*Work item:*
Please transcribe, exactly and only, the lines of the records below from the one holding "Заготовка RFID (H2)" to the very end.

*Records for the task:*
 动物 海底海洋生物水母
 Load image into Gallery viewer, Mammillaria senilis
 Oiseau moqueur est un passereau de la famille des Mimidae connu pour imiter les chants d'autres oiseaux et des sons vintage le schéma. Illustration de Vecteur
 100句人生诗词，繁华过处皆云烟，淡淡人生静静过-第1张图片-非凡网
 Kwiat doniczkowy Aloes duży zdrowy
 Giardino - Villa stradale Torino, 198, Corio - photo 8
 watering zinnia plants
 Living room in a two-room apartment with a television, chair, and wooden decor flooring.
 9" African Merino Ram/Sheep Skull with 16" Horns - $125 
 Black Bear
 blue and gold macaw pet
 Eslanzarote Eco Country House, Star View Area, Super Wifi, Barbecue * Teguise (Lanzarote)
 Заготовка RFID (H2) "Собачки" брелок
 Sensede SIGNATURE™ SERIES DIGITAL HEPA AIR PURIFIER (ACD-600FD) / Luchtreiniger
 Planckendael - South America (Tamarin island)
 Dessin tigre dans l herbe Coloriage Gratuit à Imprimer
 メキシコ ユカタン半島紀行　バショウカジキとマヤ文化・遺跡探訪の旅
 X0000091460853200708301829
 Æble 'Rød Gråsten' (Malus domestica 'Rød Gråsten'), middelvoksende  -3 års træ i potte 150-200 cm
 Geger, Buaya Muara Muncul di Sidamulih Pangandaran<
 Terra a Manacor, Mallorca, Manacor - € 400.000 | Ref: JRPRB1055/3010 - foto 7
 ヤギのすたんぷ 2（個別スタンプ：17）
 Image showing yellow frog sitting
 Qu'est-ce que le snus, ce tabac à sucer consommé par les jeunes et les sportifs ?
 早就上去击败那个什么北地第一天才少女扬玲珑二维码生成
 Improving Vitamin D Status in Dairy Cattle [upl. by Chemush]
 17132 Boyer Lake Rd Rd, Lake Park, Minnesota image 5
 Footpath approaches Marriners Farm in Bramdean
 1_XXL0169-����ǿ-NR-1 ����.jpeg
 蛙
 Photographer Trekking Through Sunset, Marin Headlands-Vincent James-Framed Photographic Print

*Your solution:*
 Заготовка RFID (H2) "Собачки" брелок
 Sensede SIGNATURE™ SERIES DIGITAL HEPA AIR PURIFIER (ACD-600FD) / Luchtreiniger
 Planckendael - South America (Tamarin island)
 Dessin tigre dans l herbe Coloriage Gratuit à Imprimer
 メキシコ ユカタン半島紀行　バショウカジキとマヤ文化・遺跡探訪の旅
 X0000091460853200708301829
 Æble 'Rød Gråsten' (Malus domestica 'Rød Gråsten'), middelvoksende  -3 års træ i potte 150-200 cm
 Geger, Buaya Muara Muncul di Sidamulih Pangandaran<
 Terra a Manacor, Mallorca, Manacor - € 400.000 | Ref: JRPRB1055/3010 - foto 7
 ヤギのすたんぷ 2（個別スタンプ：17）
 Image showing yellow frog sitting
 Qu'est-ce que le snus, ce tabac à sucer consommé par les jeunes et les sportifs ?
 早就上去击败那个什么北地第一天才少女扬玲珑二维码生成
 Improving Vitamin D Status in Dairy Cattle [upl. by Chemush]
 17132 Boyer Lake Rd Rd, Lake Park, Minnesota image 5
 Footpath approaches Marriners Farm in Bramdean
 1_XXL0169-����ǿ-NR-1 ����.jpeg
 蛙
 Photographer Trekking Through Sunset, Marin Headlands-Vincent James-Framed Photographic Print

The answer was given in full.